Sanık H. D..in Markalar Yasasına aykırılık suçundan beraatine, taklit eşyaların 765 sayılı TCY’nın 36. maddesi gereğince müsaderesine ilişkin Eyüp 3. Asliye Ceza Mahkemesince verilen 18.06.2002 gün ve 1276-390 sayılı hüküm, katılan vekili tarafından temyiz edilmekle, dosyayı inceleyen Yargıtay 7. Ceza Dairesince 30.06.2004 gün ve 9599-8971 sayı ile;
“Sanık aşamalardaki savunmalarında deposunda ele geçen eşyalarla kendisinin ilgisinin bulunmadığını, olay günü oğlunu hastaneye götürdüğünü, deposunda polis tara¬fından arama yapıldığının komşularınca kendisine bildirilmesi üzerine, olay yerine geldiğinde deposunun arka tarafında bulunan ve kendisi tarafından kapatılmış olan kapının açılmış olduğunu gördüğünü, eşyaların depoya başkalarınca bırakılmış olabileceğini belirttiği cihetle, zabıt mümzileri dinlenilip olay yerinde uzman bilirkişi marifetiyle deponun arka kapısı açılarak bu miktar eşyanın sanığın bilgisi dışında başkalarınca depoya konulup konulamayacağının keşfen saptanarak, sonucuna göre sanığın hukuki durumunun tayin ve taktiri gerekirken esik soruşturmayla hüküm tesisi,” isabetsizliğinden bozulmuştur.

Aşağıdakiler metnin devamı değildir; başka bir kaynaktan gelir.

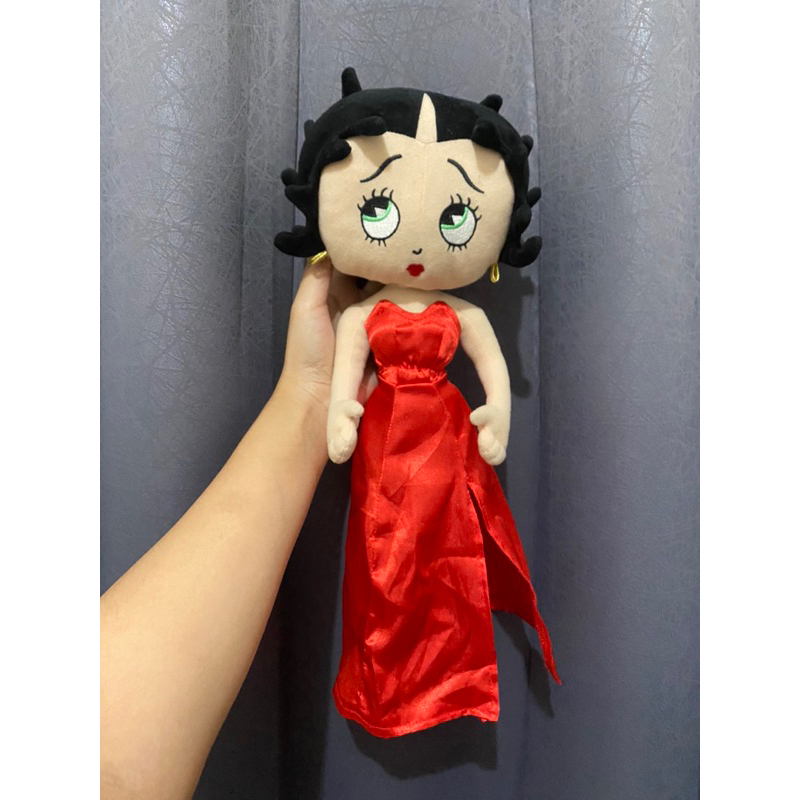 Boneka Karakter Bettyboop Original Size 42cm / Boneka Bettyboop Original / Boneka Bettyboop Dress Me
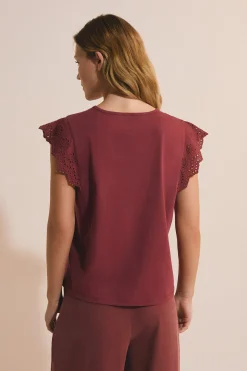 T-shirt en coton avec détails brodés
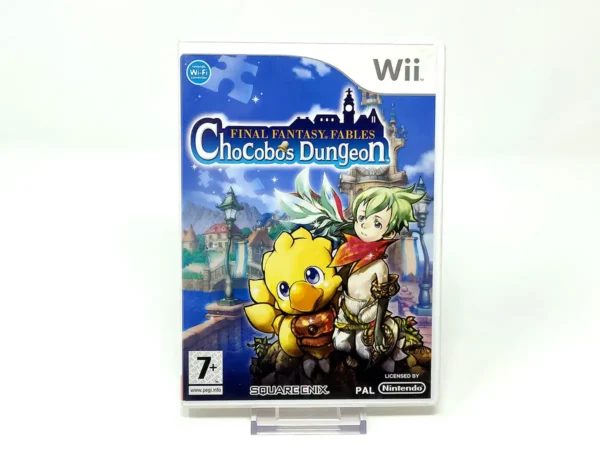 Portada de Final Fantasy Fables: Chocobo's Dungeon (ESP) para Nintendo Wii, edición PAL España, de segunda mano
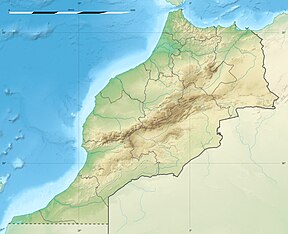 图卜卡勒峰在摩洛哥的位置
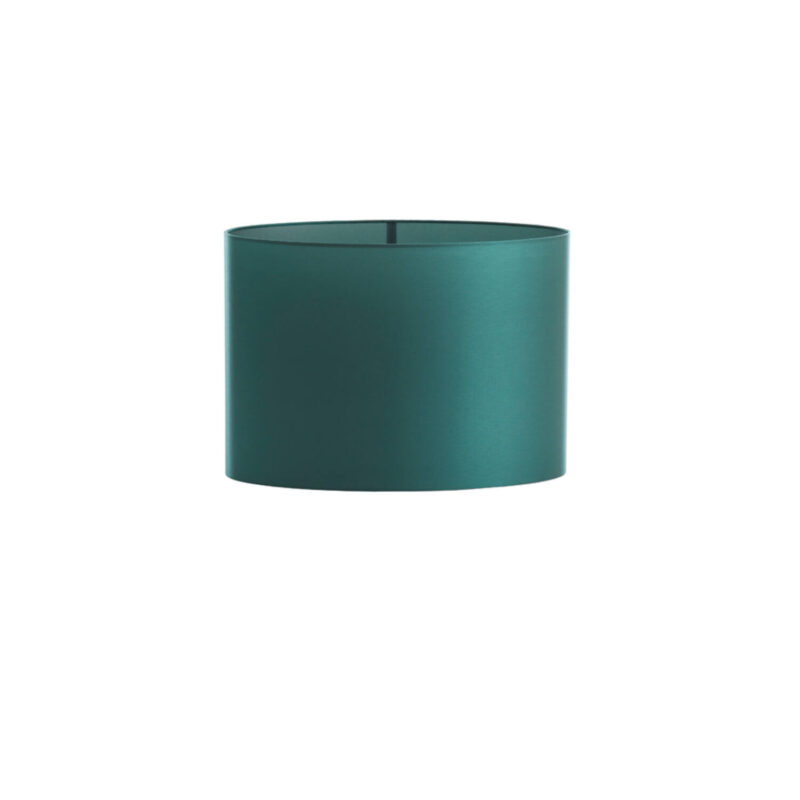 Pantalla de lámpara en forma cilíndrica de color verde Light & Living Imani - H. 32 cm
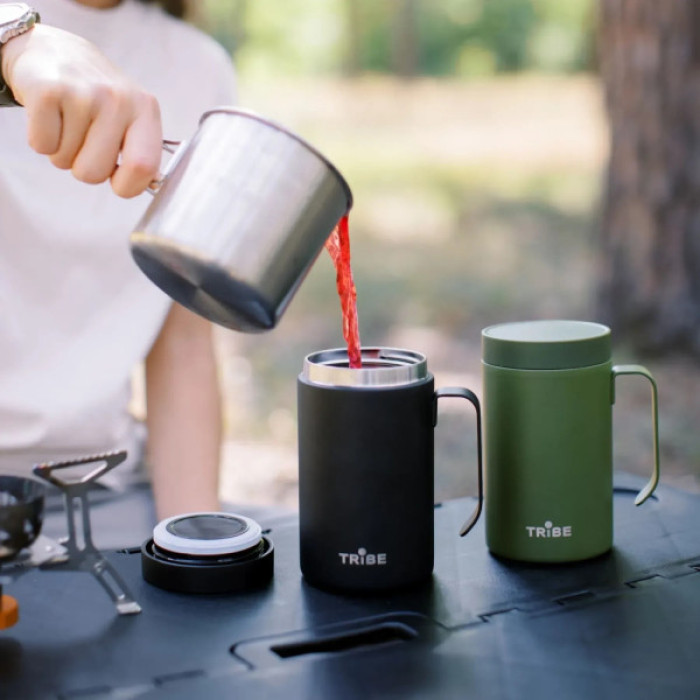 Термокружка Tribe Adventure Mug 450 мл olive (T-FA-0032-olive)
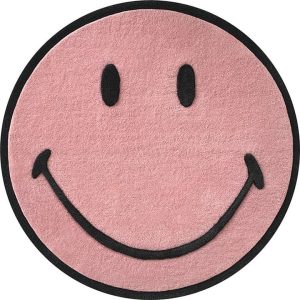 Smiley Rug - Pink- Small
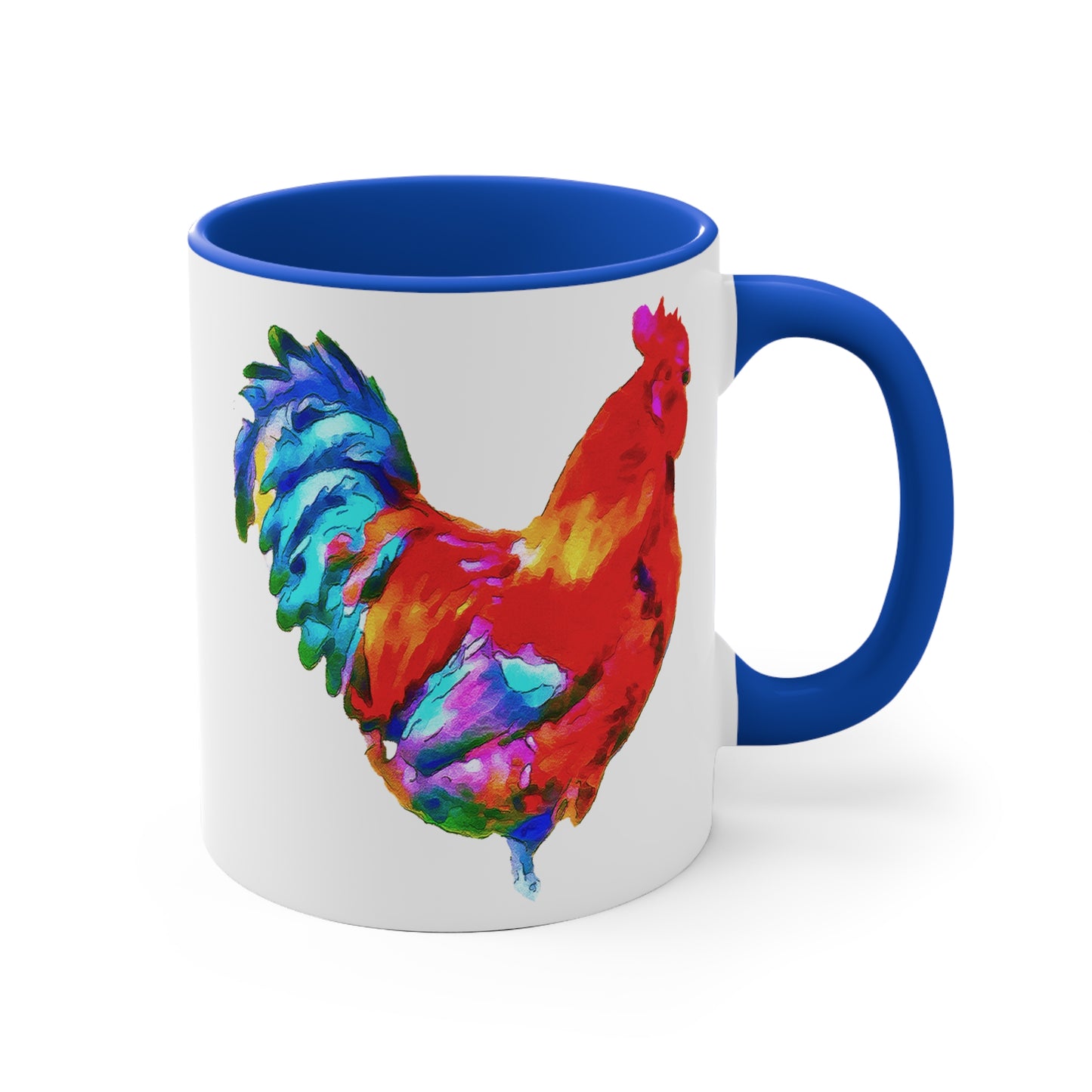 Rooster 'Craw' Accent Coffee Mug, 11oz
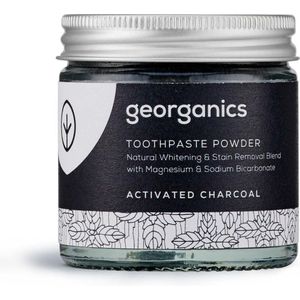 georganics Natural Toothpowder Activated Charcoal - 60 ml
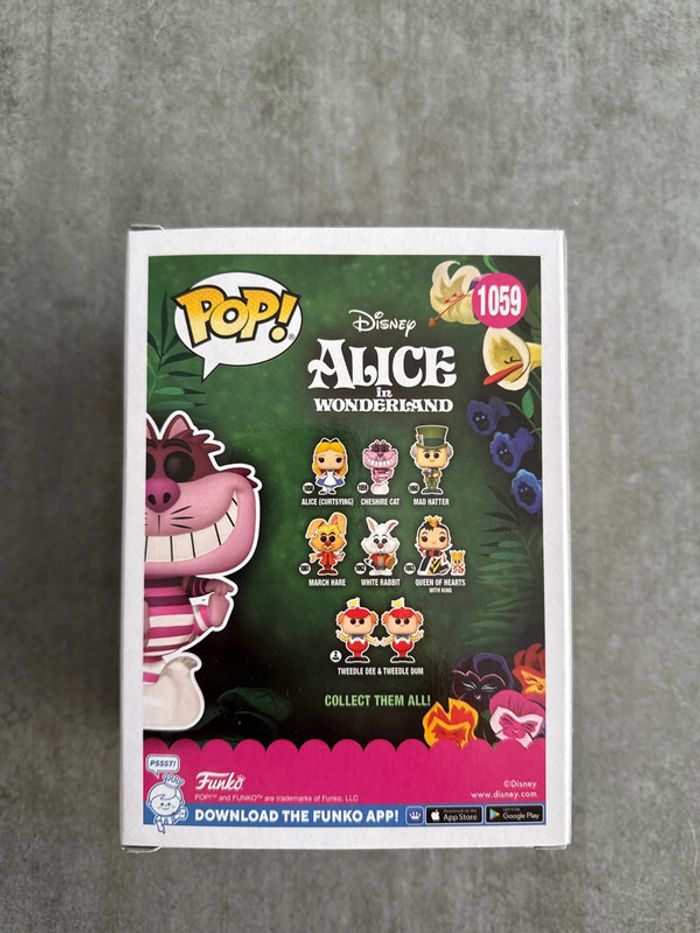 😸 Funko Pop Disney Alice au Pays des Merveilles – Cheshire Cat Diamond Collection Spécial Édition 😸 - photo numéro 2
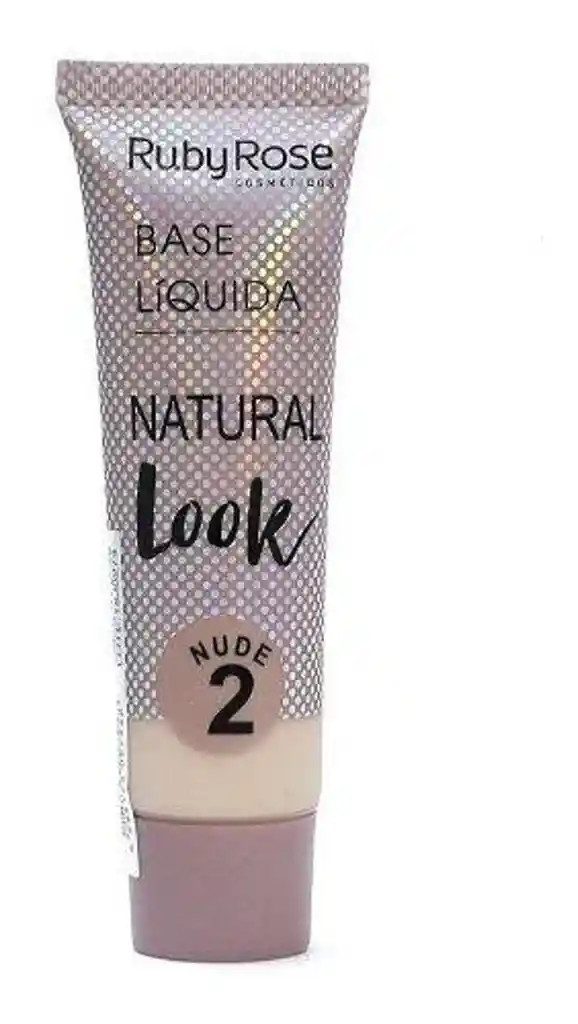 Base Liquida Ruby Rose Natural Look Tono Nude 2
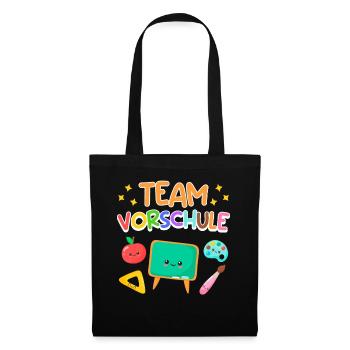 Vorschule Team Vorschüler Vorschulkinder - Stoffbeutel - Schwarz - Vorne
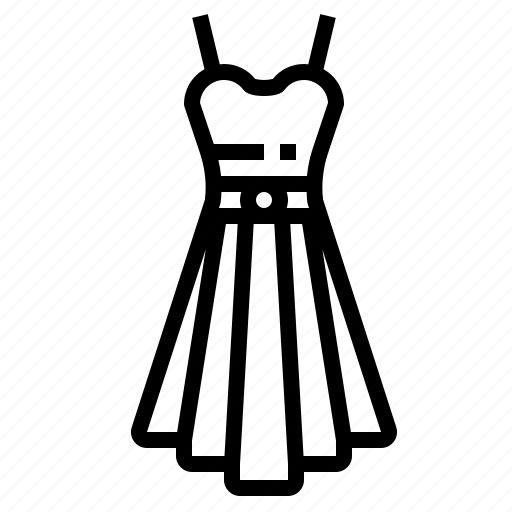 Dress, clothes, outfit, fashion, party icon - Download on Iconfinder
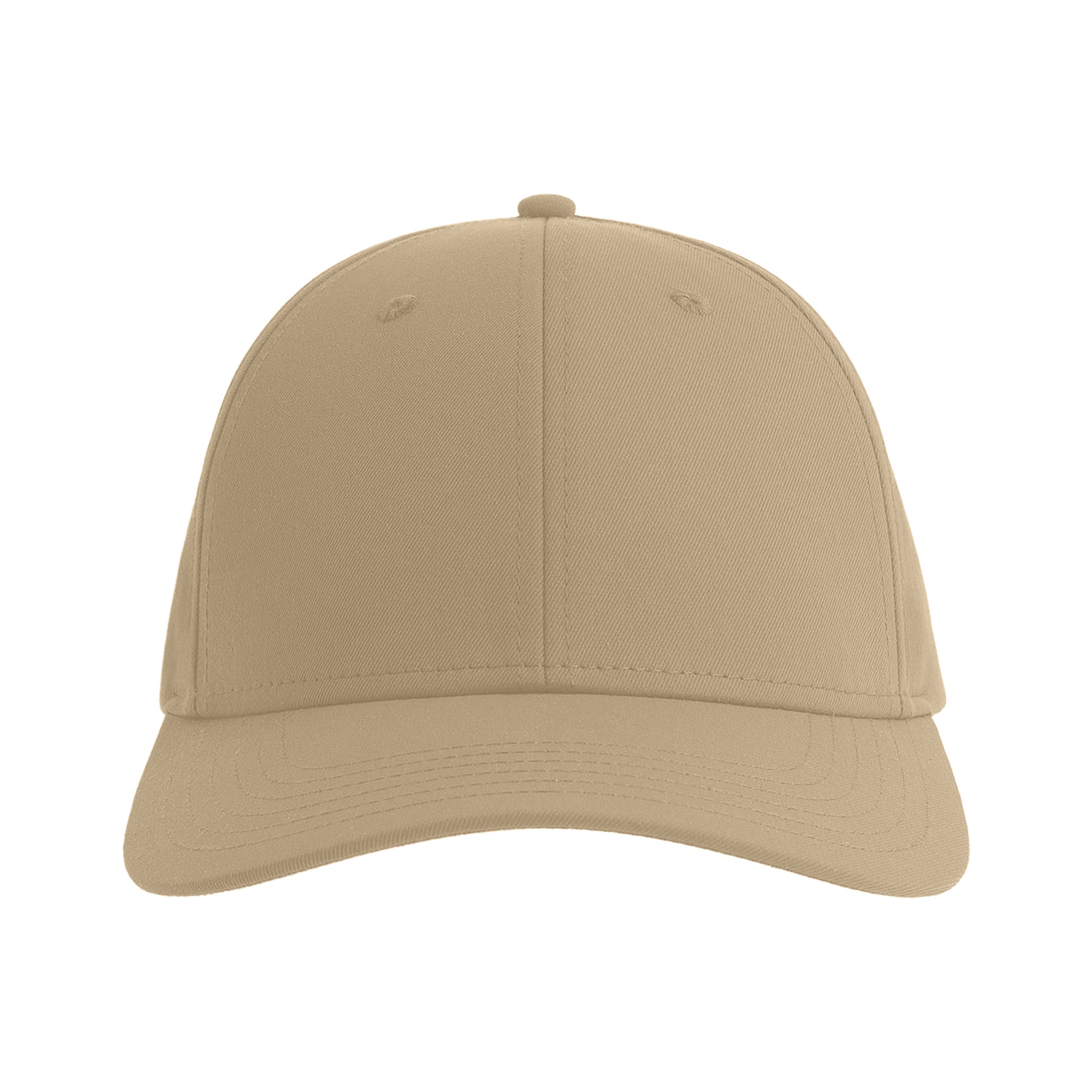 Khaki Brown - Side - Atlantis Headwear Bolt-S 6 Panel Stretch Structured Baseball Cap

Eyüp 3. Asliye Ceza Mahkemesince 27.12.2004 gün ve 798-1734 sayı ile;
Sanık hakkındaki kanıtların mücerret ve şüpheye dayandığı, şüphe sanık lehine yorumlanır ilkesi uyarınca, sanığın beraatine karar verilmesi gerektiği görüşüyle önceki hükümde direnilmiştir.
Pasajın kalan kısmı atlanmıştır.